Top of Dataset excerpts
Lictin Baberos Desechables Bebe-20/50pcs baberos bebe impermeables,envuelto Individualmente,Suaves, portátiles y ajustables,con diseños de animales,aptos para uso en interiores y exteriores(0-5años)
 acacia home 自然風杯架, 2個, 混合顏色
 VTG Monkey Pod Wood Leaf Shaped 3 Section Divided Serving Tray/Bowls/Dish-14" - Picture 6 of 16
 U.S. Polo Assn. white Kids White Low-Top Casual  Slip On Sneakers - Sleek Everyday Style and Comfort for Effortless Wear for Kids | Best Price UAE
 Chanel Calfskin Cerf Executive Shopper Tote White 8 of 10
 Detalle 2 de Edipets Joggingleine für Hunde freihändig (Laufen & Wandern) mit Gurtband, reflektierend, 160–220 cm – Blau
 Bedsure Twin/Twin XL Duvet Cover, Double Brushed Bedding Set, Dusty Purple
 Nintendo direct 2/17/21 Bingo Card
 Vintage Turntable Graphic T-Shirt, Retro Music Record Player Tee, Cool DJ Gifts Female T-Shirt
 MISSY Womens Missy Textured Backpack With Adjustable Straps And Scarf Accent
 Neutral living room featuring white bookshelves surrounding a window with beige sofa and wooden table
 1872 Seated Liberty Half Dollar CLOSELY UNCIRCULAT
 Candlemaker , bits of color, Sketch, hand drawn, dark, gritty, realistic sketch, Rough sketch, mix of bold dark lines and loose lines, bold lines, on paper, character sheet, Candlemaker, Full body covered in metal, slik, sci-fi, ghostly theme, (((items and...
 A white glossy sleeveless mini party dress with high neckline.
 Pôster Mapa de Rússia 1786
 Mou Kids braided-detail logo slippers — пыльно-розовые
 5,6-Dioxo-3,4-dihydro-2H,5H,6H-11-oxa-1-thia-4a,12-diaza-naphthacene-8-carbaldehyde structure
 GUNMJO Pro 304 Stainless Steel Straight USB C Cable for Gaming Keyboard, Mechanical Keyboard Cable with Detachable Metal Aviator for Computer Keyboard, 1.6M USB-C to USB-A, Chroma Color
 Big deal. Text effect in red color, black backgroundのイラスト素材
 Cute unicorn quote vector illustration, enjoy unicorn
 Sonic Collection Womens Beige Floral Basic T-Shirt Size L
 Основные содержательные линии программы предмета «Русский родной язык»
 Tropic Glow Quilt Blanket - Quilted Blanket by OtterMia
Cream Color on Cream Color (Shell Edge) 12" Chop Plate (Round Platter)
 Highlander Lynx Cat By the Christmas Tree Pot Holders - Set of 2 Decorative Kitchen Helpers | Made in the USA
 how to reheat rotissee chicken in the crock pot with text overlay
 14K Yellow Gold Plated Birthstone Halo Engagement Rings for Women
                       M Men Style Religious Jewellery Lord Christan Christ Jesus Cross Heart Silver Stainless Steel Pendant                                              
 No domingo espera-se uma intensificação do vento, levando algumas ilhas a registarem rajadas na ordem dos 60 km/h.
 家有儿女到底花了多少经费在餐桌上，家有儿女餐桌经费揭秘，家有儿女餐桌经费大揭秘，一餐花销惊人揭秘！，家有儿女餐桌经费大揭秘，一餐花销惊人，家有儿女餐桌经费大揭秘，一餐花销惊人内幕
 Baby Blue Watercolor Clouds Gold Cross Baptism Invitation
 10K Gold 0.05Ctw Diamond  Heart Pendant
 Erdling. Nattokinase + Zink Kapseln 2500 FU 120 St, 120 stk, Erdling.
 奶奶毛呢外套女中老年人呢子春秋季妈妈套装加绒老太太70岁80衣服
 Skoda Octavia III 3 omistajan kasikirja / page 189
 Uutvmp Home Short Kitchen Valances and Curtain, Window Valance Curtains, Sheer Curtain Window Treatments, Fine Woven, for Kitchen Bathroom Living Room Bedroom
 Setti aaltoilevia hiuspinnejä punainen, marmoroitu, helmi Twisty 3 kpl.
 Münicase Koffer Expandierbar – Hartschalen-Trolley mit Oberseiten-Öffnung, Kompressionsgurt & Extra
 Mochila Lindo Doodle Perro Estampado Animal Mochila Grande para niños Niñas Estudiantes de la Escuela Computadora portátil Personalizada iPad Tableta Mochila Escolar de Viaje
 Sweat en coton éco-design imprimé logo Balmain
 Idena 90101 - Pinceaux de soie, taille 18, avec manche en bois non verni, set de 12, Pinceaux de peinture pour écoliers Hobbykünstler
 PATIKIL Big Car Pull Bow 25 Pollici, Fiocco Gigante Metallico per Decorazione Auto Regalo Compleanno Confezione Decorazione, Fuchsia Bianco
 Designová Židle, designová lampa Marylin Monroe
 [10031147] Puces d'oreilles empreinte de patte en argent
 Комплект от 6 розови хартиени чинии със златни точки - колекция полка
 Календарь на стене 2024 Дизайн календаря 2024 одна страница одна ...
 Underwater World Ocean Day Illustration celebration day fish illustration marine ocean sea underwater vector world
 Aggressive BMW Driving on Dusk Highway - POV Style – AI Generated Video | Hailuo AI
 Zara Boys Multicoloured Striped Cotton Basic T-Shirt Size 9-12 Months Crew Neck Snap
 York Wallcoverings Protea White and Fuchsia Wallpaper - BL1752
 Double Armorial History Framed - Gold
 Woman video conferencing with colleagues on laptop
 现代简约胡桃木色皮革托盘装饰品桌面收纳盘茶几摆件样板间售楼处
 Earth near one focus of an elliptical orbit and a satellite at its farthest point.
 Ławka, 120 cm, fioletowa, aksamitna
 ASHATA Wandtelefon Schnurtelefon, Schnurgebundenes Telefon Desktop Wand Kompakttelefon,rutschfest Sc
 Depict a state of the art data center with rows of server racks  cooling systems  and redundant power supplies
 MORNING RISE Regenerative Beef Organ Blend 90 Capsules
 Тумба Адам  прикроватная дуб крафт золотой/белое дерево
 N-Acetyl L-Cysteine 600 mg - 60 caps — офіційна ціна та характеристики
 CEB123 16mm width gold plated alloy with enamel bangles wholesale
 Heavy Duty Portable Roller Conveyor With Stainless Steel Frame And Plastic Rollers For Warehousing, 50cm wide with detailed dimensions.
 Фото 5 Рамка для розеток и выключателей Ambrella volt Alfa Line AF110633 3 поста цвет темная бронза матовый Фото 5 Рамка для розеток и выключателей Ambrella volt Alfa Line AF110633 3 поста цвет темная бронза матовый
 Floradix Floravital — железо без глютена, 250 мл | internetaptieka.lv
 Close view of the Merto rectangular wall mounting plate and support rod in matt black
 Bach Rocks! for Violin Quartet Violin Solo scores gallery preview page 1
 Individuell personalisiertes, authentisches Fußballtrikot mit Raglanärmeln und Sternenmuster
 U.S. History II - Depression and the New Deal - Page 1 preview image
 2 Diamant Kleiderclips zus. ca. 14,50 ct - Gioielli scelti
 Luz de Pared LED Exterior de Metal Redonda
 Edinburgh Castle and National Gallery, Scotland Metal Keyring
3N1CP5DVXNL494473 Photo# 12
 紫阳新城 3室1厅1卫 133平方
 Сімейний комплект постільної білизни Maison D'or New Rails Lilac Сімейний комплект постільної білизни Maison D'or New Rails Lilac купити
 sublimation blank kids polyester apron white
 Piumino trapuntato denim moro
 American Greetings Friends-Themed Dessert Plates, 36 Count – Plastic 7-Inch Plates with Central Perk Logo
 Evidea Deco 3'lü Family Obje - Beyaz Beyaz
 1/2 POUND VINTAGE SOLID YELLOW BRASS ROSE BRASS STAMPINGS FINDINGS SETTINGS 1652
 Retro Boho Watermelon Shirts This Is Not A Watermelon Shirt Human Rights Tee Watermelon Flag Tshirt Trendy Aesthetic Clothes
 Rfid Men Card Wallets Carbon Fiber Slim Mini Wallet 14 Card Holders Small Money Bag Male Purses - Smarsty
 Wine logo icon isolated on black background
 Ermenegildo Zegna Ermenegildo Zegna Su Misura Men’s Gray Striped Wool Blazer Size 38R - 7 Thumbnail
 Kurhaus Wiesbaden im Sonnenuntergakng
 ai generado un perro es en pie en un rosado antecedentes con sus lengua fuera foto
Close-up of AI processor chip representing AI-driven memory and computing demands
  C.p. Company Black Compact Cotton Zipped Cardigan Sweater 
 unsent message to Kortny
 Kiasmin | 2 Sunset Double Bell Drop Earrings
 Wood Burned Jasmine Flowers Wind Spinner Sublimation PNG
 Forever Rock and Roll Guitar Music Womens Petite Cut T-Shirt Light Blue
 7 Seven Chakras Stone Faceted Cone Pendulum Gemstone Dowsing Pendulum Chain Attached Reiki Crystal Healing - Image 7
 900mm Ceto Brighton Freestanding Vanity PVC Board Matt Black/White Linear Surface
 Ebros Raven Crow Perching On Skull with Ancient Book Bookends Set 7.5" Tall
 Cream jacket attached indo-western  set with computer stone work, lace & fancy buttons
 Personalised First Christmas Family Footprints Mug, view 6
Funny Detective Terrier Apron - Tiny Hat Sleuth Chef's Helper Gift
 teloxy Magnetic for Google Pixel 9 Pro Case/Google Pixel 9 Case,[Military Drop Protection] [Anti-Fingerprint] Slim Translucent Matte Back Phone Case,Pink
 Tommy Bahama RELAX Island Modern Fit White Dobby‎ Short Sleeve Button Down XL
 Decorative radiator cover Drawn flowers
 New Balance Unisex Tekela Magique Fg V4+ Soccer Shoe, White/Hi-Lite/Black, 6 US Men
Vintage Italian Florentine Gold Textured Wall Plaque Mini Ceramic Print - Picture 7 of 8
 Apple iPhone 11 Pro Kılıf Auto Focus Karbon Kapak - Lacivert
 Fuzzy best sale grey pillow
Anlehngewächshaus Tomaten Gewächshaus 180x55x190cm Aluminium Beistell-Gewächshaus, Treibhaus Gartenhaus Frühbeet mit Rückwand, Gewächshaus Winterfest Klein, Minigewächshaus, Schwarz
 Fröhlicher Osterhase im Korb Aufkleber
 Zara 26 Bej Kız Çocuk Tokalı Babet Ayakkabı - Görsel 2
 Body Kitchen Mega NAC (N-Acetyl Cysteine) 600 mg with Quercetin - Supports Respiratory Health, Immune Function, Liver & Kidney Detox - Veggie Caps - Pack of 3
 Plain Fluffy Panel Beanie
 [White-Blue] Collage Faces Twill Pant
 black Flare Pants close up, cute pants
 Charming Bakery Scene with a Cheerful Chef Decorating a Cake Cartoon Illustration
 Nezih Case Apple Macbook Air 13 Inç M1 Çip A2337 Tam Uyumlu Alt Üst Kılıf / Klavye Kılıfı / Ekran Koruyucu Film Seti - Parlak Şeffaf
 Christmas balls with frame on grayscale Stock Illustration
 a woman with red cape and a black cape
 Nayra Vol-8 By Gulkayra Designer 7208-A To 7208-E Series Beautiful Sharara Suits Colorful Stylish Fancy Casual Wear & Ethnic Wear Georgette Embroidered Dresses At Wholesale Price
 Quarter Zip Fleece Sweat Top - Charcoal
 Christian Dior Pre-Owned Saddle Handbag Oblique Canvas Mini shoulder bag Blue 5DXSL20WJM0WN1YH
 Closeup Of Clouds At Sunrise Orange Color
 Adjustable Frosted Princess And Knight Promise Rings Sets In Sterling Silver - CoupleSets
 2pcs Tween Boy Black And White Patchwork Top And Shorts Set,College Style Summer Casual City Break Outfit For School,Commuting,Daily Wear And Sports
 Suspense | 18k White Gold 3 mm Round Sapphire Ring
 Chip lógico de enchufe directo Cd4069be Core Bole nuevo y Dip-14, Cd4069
Bottom of Dataset excerpts
**Action item:** The required output is every line above from the one with "现代简约胡桃木色皮革托盘装饰品桌面收纳盘茶几摆件样板间售楼处" down to the one with "American Greetings Friends-Themed", restated word for word, ends included.

**Task answer:**
 现代简约胡桃木色皮革托盘装饰品桌面收纳盘茶几摆件样板间售楼处
 Earth near one focus of an elliptical orbit and a satellite at its farthest point.
 Ławka, 120 cm, fioletowa, aksamitna
 ASHATA Wandtelefon Schnurtelefon, Schnurgebundenes Telefon Desktop Wand Kompakttelefon,rutschfest Sc
 Depict a state of the art data center with rows of server racks  cooling systems  and redundant power supplies
 MORNING RISE Regenerative Beef Organ Blend 90 Capsules
 Тумба Адам  прикроватная дуб крафт золотой/белое дерево
 N-Acetyl L-Cysteine 600 mg - 60 caps — офіційна ціна та характеристики
 CEB123 16mm width gold plated alloy with enamel bangles wholesale
 Heavy Duty Portable Roller Conveyor With Stainless Steel Frame And Plastic Rollers For Warehousing, 50cm wide with detailed dimensions.
 Фото 5 Рамка для розеток и выключателей Ambrella volt Alfa Line AF110633 3 поста цвет темная бронза матовый Фото 5 Рамка для розеток и выключателей Ambrella volt Alfa Line AF110633 3 поста цвет темная бронза матовый
 Floradix Floravital — железо без глютена, 250 мл | internetaptieka.lv
 Close view of the Merto rectangular wall mounting plate and support rod in matt black
 Bach Rocks! for Violin Quartet Violin Solo scores gallery preview page 1
 Individuell personalisiertes, authentisches Fußballtrikot mit Raglanärmeln und Sternenmuster
 U.S. History II - Depression and the New Deal - Page 1 preview image
 2 Diamant Kleiderclips zus. ca. 14,50 ct - Gioielli scelti
 Luz de Pared LED Exterior de Metal Redonda
 Edinburgh Castle and National Gallery, Scotland Metal Keyring
3N1CP5DVXNL494473 Photo# 12
 紫阳新城 3室1厅1卫 133平方
 Сімейний комплект постільної білизни Maison D'or New Rails Lilac Сімейний комплект постільної білизни Maison D'or New Rails Lilac купити
 sublimation blank kids polyester apron white
 Piumino trapuntato denim moro
 American Greetings Friends-Themed Dessert Plates, 36 Count – Plastic 7-Inch Plates with Central Perk Logo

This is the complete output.